Top of TASK INPUTS

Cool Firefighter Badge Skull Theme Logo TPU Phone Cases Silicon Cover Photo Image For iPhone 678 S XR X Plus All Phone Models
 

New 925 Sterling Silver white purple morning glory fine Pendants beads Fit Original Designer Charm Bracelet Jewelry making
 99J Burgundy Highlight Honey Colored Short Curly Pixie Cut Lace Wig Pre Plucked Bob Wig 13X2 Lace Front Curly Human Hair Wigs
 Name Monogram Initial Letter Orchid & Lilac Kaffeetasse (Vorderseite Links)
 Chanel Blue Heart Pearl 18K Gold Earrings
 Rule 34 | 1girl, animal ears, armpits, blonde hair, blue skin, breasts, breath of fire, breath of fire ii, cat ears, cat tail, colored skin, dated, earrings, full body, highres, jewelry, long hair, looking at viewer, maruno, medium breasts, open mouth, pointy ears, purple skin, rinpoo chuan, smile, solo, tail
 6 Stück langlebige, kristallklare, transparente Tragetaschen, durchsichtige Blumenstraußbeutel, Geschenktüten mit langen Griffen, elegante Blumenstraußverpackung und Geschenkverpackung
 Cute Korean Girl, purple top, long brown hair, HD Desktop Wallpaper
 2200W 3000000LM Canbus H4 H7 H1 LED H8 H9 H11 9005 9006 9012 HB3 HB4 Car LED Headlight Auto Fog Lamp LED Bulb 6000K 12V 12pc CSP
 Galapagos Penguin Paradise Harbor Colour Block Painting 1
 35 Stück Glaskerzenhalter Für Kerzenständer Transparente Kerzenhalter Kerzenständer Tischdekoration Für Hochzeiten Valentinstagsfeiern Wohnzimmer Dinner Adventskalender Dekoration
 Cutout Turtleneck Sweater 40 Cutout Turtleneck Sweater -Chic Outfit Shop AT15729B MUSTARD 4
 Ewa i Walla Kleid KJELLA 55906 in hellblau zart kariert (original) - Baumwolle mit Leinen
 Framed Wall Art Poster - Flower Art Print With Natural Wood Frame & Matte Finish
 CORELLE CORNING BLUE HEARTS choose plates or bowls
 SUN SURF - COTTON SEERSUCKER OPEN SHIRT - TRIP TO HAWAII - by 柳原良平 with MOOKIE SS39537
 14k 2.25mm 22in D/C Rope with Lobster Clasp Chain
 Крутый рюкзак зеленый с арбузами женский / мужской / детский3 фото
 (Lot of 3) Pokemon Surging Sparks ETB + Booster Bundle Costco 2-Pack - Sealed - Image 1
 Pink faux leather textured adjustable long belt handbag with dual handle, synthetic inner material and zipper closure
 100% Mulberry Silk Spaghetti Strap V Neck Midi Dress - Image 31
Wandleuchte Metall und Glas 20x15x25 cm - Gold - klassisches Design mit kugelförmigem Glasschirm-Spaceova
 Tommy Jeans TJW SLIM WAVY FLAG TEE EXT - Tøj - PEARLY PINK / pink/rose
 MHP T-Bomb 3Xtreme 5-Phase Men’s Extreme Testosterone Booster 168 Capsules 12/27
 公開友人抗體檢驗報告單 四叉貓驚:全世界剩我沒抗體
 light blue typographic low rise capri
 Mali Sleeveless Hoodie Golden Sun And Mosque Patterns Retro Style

Bottom of TASK INPUTS

# REQUIRED WORK
Look over the records. Copy the lines that include the word "Image".

# TASK SOLUTION
Cool Firefighter Badge Skull Theme Logo TPU Phone Cases Silicon Cover Photo Image For iPhone 678 S XR X Plus All Phone Models
 (Lot of 3) Pokemon Surging Sparks ETB + Booster Bundle Costco 2-Pack - Sealed - Image 1
 100% Mulberry Silk Spaghetti Strap V Neck Midi Dress - Image 31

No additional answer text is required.